The change in Raptor designation is a curious tale about the mismatch between bureaucratic and warfighting cultures — a seemingly minor shift that actually speaks volumes about how the Bush Administration is pushing the Pentagon to change. It’s no secret that the Air Force has emerged as primus inter pares — first among equals — in America’s post-Cold War military posture. That doesn’t reflect an airpower bias, it simply recognizes that the Air Force has led the way in defeating three different enemies over the last dozen years. The service has so thoroughly infused the fruits of the information age into its force structure that no adversary can now resist its onslaughts.
But this revolution in warfighting has not been matched by a transformation in bureaucratic culture. When James Roche became secretary last year, he inherited an air staff with processes and procedures that would have looked familiar to Curtis LeMay. The bureaucracy was slow and ingrown, so much so that it often seemed to lack the capacity to explain its warfighting breakthroughs to outsiders. Roche saw the problem and made cultural change his top priority. So did Air Force chief of staff Gen. John Jumper, who has tirelessly attacked against old-think at headquarters and in the field.
But bureaucracies are accustomed to waiting out change agents. It took a threat from the Office of the Secretary of Defense to really shake the place up. The threat came in the form of this summer’s weapons review, which raised the possibility of again cutting Raptor — this time to less than a quarter of the number of airframes proposed by Secretary Cheney a decade ago. Air Force leaders were forced to confront what a poor job they had done of explaining Raptor to the rest of the political system.
Everybody knew the air-superiority story, but most people didn’t realize how the threat had shifted from enemy fighters to sophisticated surface-to-air missiles and radars. As it did, Raptor’s capabilities were radically transformed to encompass precision strikes against ground targets, electronic warfare, reconnaissance, and connectivity for supporting joint forces. It even had acquired cruise- missile defense capabilities no other plane could match.
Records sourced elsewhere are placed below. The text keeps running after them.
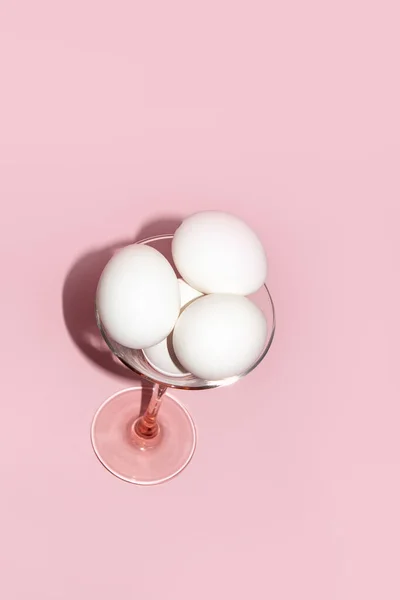 Białe Jajka Szklance Martini Różowym Tle — Zdjęcie stockowe
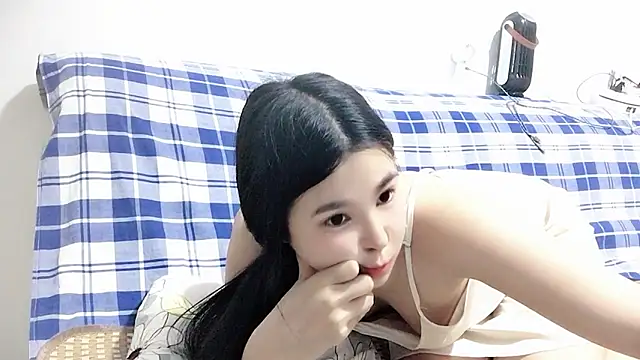niuniu556 online show from June 11, 12:35 pm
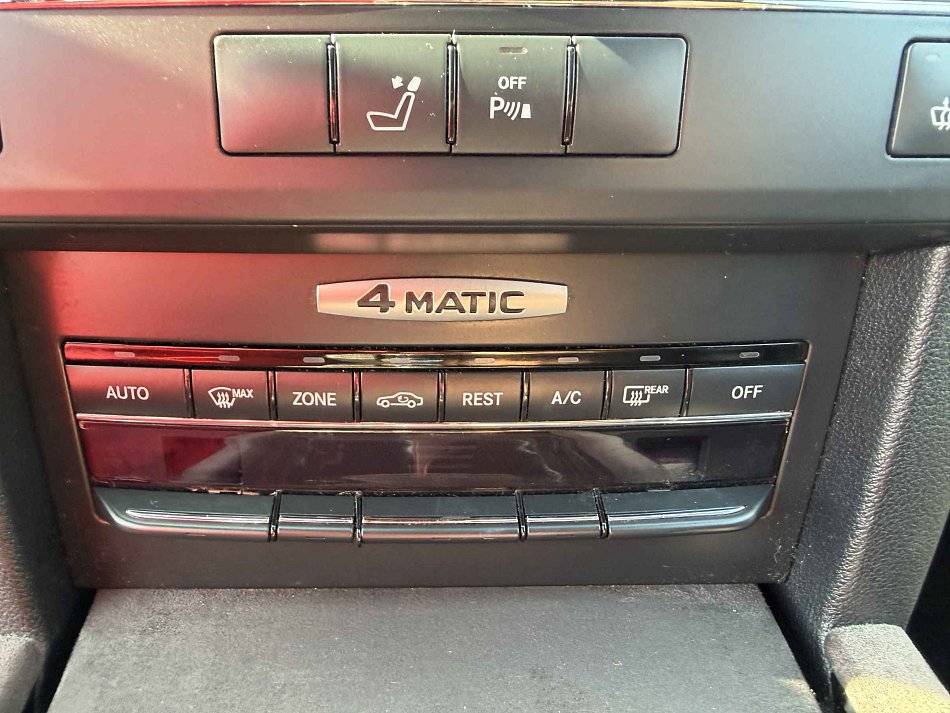 Mercedes-Benz Třída E 350CDi  4Mat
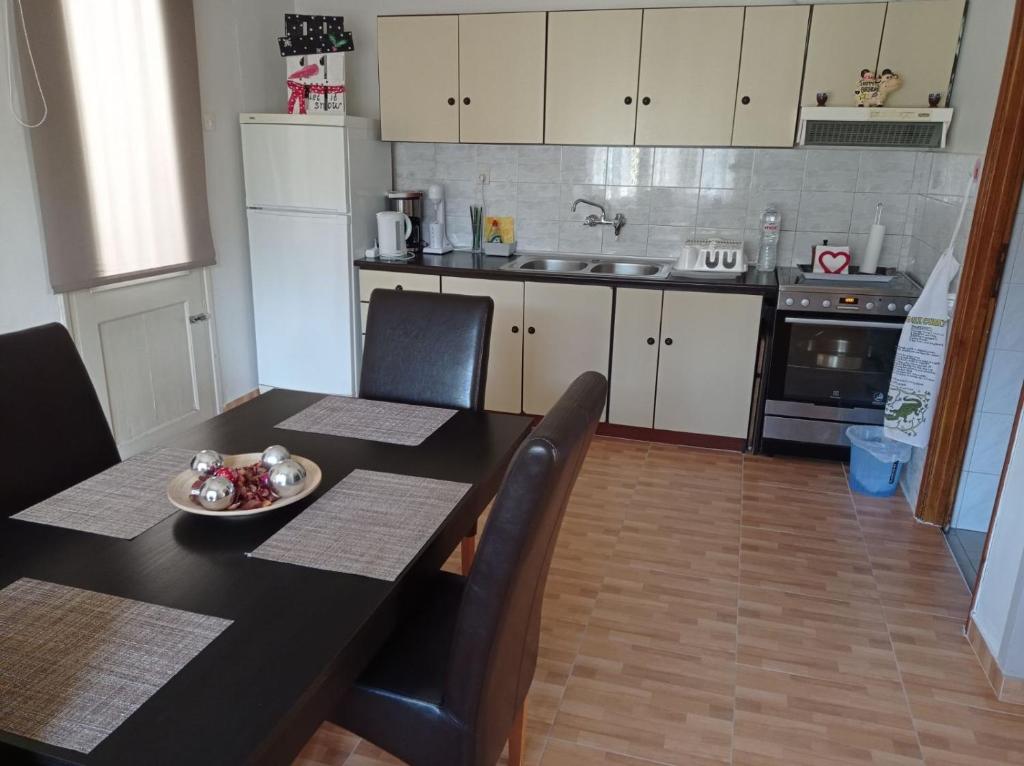 Zdjęcie z galerii obiektu Comfortable & Cozy House w mieście Wolos
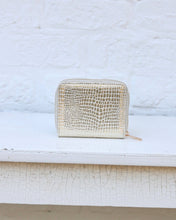 Load image into Gallery viewer, Blakely Wallet Gold
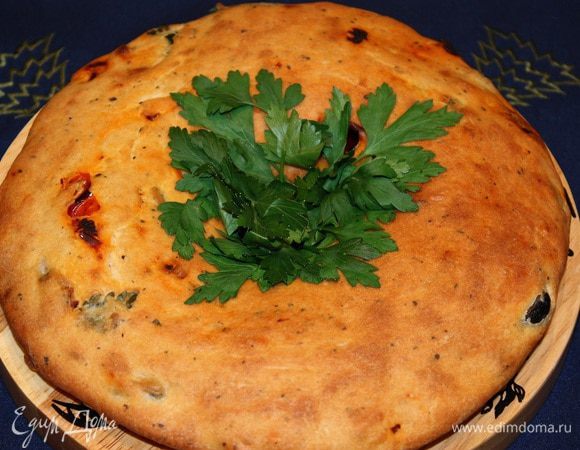 Выпекать при температуре 180°С 10 минут. Затем смазать фокаччу оливковым маслом и выпекать еще 10 минут. Затем убрать силиконовый коврик и положить фокаччу на решетку и довести ее до готовности еще 5 минут. Приятного аппетита!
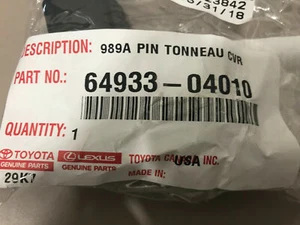 Pin de refuerzo delantero para caja de camioneta Toyota OEM 2016-2019 Tacoma 64933-04010 - Imagen 1 de 3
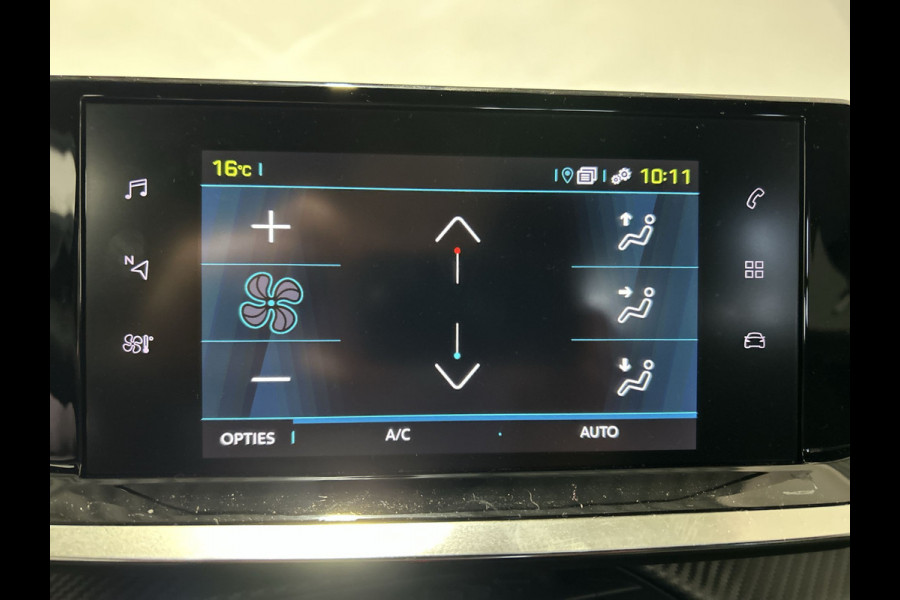 Peugeot e-2008 EV Allure 50 kWh | Navigatie | Parkeersensor achter | SoH ( batterijtest ) 100 % score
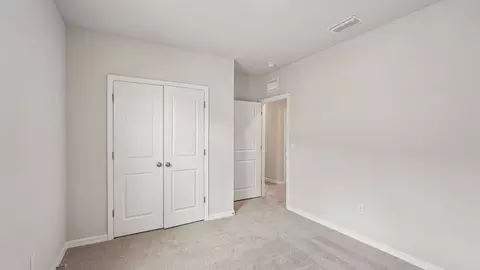 Bedroom - 10422 Charlotte Dr, Parrish, FL 34219 photo 6 of 12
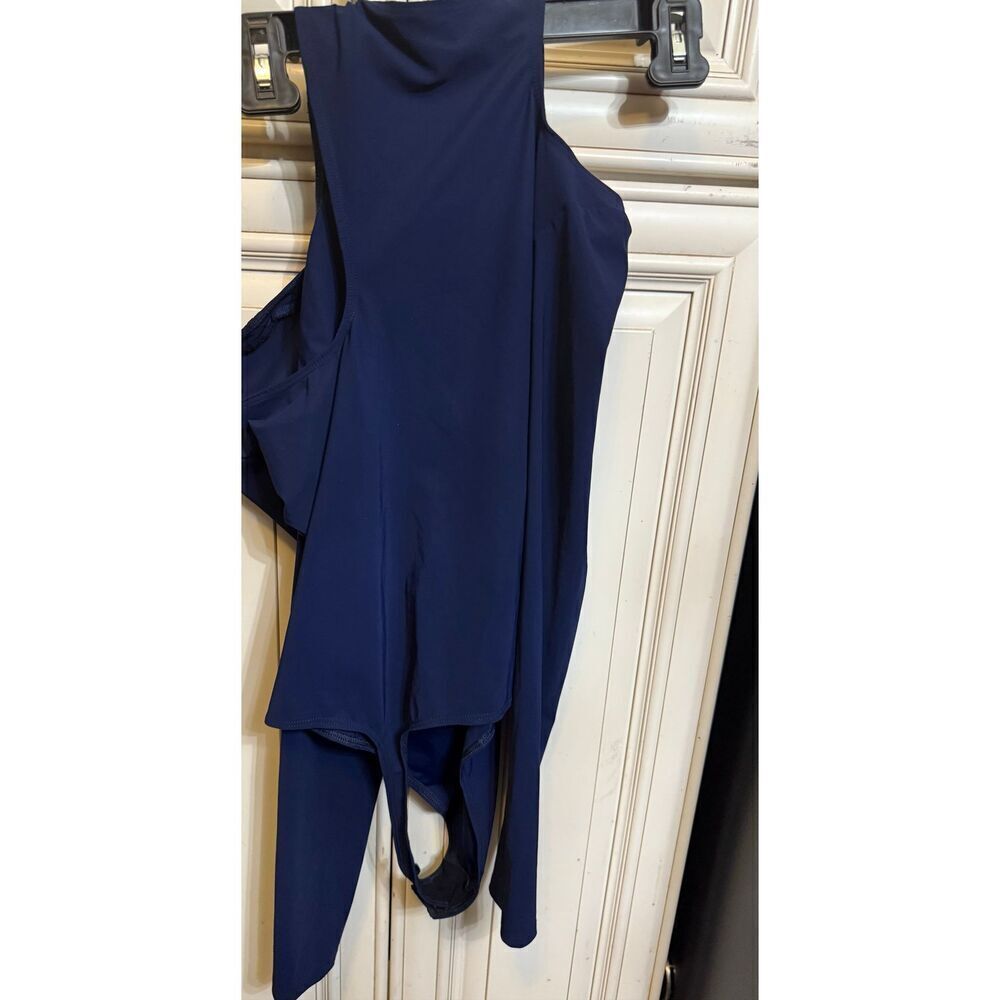 ALIX NYC Women's Crew Neck Cold Shoulder Long Sleeve Top Navy Blue Large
Raptor’s new designation is a belated attempt to explain these capabilities to outsiders, before the centerpiece of future airpower strategy suffers another blow. The service doesn’t believe it can assure air superiority without the plane (JSF is much less agile and stealthy). But one reason for preserving air superiority is so that Raptor can bring all its other capabilities to the battle. That’s the part of the story the overdue name-change addresses.